(Short web captions)

..........

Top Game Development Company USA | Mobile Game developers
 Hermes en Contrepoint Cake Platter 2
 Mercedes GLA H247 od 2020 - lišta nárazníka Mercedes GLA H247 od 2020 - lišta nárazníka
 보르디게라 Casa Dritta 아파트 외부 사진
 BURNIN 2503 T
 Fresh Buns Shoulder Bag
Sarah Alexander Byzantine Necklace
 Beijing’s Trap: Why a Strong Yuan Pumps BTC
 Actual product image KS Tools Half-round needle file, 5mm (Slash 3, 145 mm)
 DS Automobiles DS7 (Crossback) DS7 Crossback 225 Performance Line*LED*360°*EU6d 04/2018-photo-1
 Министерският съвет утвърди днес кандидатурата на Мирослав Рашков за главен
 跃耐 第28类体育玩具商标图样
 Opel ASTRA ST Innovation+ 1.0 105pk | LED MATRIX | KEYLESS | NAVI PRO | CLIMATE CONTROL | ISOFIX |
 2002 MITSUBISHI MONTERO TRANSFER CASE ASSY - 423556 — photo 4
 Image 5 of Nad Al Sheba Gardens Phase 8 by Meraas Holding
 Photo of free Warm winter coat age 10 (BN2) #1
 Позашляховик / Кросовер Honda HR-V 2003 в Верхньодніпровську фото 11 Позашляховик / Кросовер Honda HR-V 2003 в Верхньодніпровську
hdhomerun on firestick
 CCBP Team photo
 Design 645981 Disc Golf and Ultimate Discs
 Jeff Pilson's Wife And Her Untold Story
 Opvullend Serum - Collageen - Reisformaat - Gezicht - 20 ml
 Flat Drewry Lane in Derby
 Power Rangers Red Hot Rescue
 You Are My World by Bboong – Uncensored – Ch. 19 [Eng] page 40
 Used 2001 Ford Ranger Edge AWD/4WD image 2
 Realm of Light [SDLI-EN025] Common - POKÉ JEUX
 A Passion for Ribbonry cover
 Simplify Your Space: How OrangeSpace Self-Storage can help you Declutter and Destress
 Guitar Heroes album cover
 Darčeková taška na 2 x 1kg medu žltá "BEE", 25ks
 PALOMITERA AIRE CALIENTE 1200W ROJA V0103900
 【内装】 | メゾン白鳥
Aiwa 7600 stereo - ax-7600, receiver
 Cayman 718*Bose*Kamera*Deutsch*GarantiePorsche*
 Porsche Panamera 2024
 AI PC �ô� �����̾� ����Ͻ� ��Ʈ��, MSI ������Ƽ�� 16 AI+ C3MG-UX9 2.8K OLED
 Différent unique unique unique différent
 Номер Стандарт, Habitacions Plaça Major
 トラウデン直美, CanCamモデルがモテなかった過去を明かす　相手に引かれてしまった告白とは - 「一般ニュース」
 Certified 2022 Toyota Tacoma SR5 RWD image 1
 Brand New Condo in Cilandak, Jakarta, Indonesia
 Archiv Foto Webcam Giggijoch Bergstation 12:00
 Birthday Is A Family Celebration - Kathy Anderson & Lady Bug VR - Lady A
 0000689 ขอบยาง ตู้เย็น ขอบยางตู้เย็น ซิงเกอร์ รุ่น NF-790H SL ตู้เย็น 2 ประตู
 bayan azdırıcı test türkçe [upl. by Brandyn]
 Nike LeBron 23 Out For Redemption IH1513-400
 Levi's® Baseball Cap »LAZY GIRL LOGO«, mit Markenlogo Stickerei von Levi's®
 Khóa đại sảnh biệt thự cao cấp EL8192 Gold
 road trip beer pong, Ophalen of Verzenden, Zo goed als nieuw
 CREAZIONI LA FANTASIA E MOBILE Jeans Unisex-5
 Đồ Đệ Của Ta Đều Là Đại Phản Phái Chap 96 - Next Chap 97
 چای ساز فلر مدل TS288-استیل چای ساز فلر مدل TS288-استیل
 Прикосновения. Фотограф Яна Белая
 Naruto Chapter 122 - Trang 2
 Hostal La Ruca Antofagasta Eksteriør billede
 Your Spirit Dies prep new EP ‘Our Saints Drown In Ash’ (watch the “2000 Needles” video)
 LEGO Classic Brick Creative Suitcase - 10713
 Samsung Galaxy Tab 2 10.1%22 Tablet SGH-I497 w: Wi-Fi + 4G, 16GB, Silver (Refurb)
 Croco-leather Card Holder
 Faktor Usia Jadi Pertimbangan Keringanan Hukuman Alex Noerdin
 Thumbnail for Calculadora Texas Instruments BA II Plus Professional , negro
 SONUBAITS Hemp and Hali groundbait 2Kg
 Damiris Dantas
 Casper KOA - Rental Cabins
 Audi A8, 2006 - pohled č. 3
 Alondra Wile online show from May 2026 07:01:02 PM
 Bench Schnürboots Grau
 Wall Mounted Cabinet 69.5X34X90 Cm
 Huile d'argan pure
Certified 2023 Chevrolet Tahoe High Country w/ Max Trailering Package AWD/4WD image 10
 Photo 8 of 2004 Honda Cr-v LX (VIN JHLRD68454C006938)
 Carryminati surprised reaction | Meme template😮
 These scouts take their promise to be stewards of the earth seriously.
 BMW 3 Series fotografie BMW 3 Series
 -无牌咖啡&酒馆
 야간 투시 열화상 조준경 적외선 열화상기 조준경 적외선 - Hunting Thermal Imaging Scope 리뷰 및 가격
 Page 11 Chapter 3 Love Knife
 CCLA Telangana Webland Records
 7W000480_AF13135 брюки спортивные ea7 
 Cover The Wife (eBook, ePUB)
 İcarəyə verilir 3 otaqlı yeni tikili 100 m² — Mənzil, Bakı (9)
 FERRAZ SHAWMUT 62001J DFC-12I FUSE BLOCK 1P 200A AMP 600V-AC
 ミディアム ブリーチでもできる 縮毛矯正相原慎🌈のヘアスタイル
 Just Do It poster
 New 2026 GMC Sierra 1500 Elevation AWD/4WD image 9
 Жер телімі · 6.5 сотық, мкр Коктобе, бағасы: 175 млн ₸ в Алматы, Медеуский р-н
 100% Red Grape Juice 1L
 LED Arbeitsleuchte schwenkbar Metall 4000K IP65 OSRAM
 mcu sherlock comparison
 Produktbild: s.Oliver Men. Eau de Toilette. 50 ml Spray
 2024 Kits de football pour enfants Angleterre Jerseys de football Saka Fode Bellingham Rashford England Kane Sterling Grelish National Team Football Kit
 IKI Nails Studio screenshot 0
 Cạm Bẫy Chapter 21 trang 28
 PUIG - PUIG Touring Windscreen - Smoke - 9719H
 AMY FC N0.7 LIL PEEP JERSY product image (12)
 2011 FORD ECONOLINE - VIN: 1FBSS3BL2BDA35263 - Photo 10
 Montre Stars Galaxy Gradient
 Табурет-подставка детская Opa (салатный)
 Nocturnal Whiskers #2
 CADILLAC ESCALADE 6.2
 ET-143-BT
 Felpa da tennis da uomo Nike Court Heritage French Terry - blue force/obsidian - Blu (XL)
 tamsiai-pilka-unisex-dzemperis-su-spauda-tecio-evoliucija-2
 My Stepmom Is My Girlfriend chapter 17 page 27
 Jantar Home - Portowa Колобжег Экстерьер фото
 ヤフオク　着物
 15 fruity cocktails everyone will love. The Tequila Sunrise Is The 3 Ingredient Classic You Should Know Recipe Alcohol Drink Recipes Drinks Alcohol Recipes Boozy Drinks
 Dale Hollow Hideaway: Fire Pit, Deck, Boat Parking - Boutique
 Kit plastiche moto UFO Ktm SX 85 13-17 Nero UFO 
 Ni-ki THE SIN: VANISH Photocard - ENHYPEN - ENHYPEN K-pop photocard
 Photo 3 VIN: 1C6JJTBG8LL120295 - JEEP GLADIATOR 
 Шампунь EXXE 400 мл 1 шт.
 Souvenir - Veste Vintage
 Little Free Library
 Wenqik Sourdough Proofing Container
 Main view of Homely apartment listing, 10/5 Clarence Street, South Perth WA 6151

..........

Would you please repeat exactly the lines above, starting at the line with "LED Arbeitsleuchte schwenkbar" and stopping at the line with "Nocturnal Whiskers #2", both included?

RESPONSE FOR THIS EXERCISE:
 LED Arbeitsleuchte schwenkbar Metall 4000K IP65 OSRAM
 mcu sherlock comparison
 Produktbild: s.Oliver Men. Eau de Toilette. 50 ml Spray
 2024 Kits de football pour enfants Angleterre Jerseys de football Saka Fode Bellingham Rashford England Kane Sterling Grelish National Team Football Kit
 IKI Nails Studio screenshot 0
 Cạm Bẫy Chapter 21 trang 28
 PUIG - PUIG Touring Windscreen - Smoke - 9719H
 AMY FC N0.7 LIL PEEP JERSY product image (12)
 2011 FORD ECONOLINE - VIN: 1FBSS3BL2BDA35263 - Photo 10
 Montre Stars Galaxy Gradient
 Табурет-подставка детская Opa (салатный)
 Nocturnal Whiskers #2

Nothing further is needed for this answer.